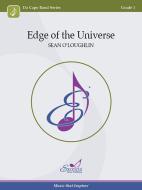 Edge of the Universe (Class Set) 
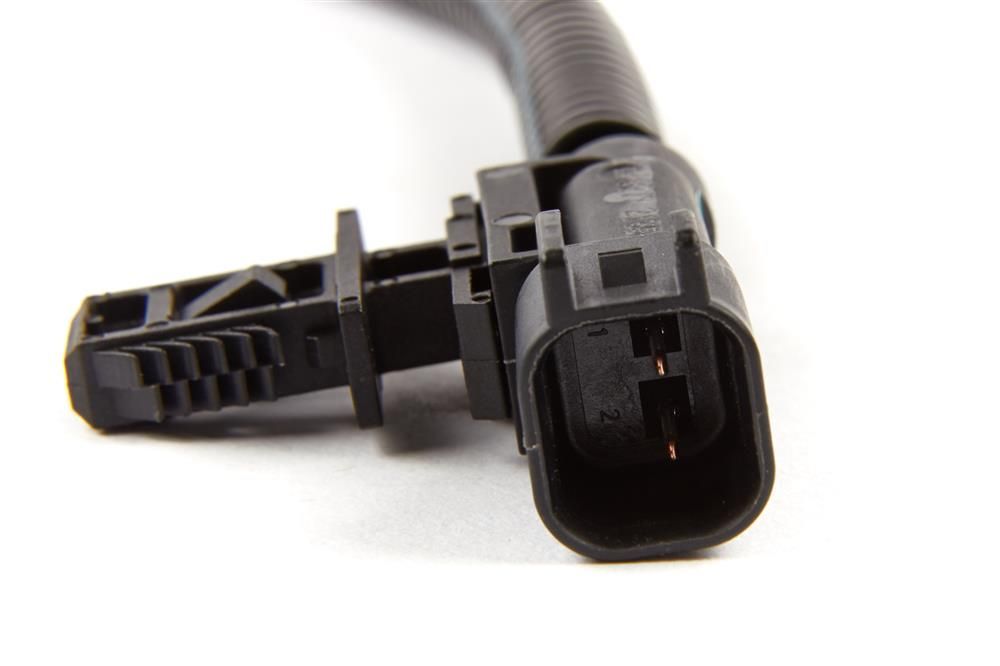 ABS Wheel Speed Sensor ACDelco 4-23147550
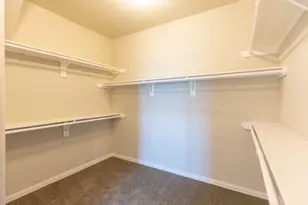 2401 Trocadero Ln, League City, TX 77573 - Photo 25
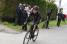 Linus Gerdemann (Cult Energy Pro Cycling), first on the Côte du Cimétière (442x)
□ □ □ □
EXERCISE DETAILS: Write the material out again exactly. Do not include the pictures.

RESPONSE AREA:
 Edge of the Universe (Class Set) 
 ABS Wheel Speed Sensor ACDelco 4-23147550
 2401 Trocadero Ln, League City, TX 77573 - Photo 25
 Linus Gerdemann (Cult Energy Pro Cycling), first on the Côte du Cimétière (442x)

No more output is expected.